Auf dem falschen Fuß erwischt

Wer also sollte sich noch Sorgen machen? Vorrangig Ariel Sharon, Bushs Freund, Lehrer und Wegweiser. Einem Wink des Schicksals gleich errang Bush seinen großen Sieg am 2. November einen Tag vor der so plötzlichen wie mysteriösen Verschlechterung des Gesundheitszustands von Yassir Arafat. Wenig später wurde Sharons bisheriges Alibi in Ramallah beigesetzt.

Israelische Regierungen schätzten es, Arafat als Monster zu präsentieren und das selbst fabrizierte Bild als Vorwand zu nehmen, einen möglichen Frieden zu unterlaufen. Denn Frieden könnte bedeuten, dass Israel sich hinter die Grenzen von 1967 zurückziehen und seine Siedlungen auflösen muss. Frieden könnte auch bedeuten, Ostjerusalem aufzugeben und damit mehr als die Hälfte der "ewigen Hauptstadt Israels". Deshalb die Dämonisierung von Arafat. Mit einem Monster kann man schließlich keinen Frieden schließen. Selbst Bush hatte das verstanden.

Nun ist Arafat nicht mehr da, Bush wiedergewählt und Sharon in großer Not. Denn seit drei Jahren hieß das unablässig repetierte Mantra in Washington: Wir müssen den internationalen Terrorismus bekämpfen. Diese Priorität lag ganz auf der Linie Sharons - auch er ritt auf dem Pferd des Anti-Terrorkampfes. Nun allerdings könnte für die nächsten vier Jahre das Motto in Washington lauten: Demokratie im Nahen Osten, dafür bürgt auch Mahmud Abbas (Abu Masen), der seinerseits das Demokratiepferd reitet. Der neue Vorsitzende der PLO trägt Anzug und Krawatte, keine Uniform. Er sieht aus wie ein ganz gewöhnlicher demokratischer Führer und lehnt die Selbstmordattentate entschieden ab. Entgegen aller israelischen Prophezeiungen vollzieht sich der palästinensische Machtwechsel weitgehend so, wie man das von einem zivilisierten Land erwartet - in fünf Wochen soll es Wahlen geben.

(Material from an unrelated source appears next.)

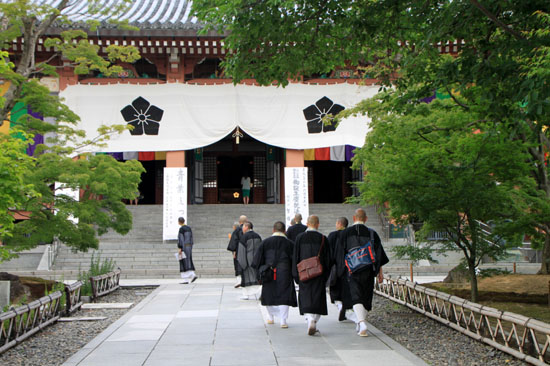 青葉まつり 智積院_e0048413_2225824.jpg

All das trifft Sharon auf dem falschen Fuß. Würde er sich Wahlen in den Autonomiegebieten widersetzen, wäre das ein Affront gegen Bush. Sollte die israelische Armee mit Straßenblockaden oder gezielten Attentaten intervenieren, dürfte das im Weißen Haus viel Zorn heraufbeschwören. Ein Alptraum für Sharon, denn momentan sieht es tatsächlich so aus, als würde die Abstimmung stattfinden und Mahmud Abbas zum neuen Präsidenten küren. Für Bush ein großer Erfolg: Die erste arabische Demokratie wäre auf den Weg gebracht. Selbst wenn im Irak die Anarchie regiert - Palästina würde beweisen, dass seine Vision Wirklichkeit werden kann. Folglich wird George Bush Mahmud Abbas unterstützen, so dass sogar der Weg für einen "freien palästinensischen Staat" innerhalb von vier Jahren geebnet sein könnte.

Für Sharon gibt es keine größere Gefahr. Sein Plan, 58 Prozent der West Bank zu annektieren, wäre nicht mehr auf der Tagesordnung. Noch schlimmer: Die exklusiven Beziehungen zu Bush würde so nicht mehr bestehen, aus dem Paar würde ein Dreieck. Doch zu dritt ergeben sich ganz andere Konstellationen - ein Treffen zwischen Condoleezza Rice und Mahmud Abbas ist bereits angekündigt.

Was könnte Sharon tun? Selbstverständlich muss Mahmud Abbas weichen, bevor er Wurzeln schlägt. Klar ist aber auch, dass der israelische Premier nicht mit offenem Visier kämpfen kann, wenn er Bush mit dem magischen Wort Terrorismus auf seiner Seite halten will. Schon vor dem Tod von Arafat ließ Sharon wissen, es werde keine Verhandlungen mit einem Nachfolger geben, falls der nicht in der Lage sei, den Terror zu beenden. Da nicht einmal Arafat - trotz seiner Autorität - Hamas und Dschihad entwaffnen konnte, gibt es auch keinerlei Aussicht, dass Mahmud Abbas dazu in der Lage sein könnte.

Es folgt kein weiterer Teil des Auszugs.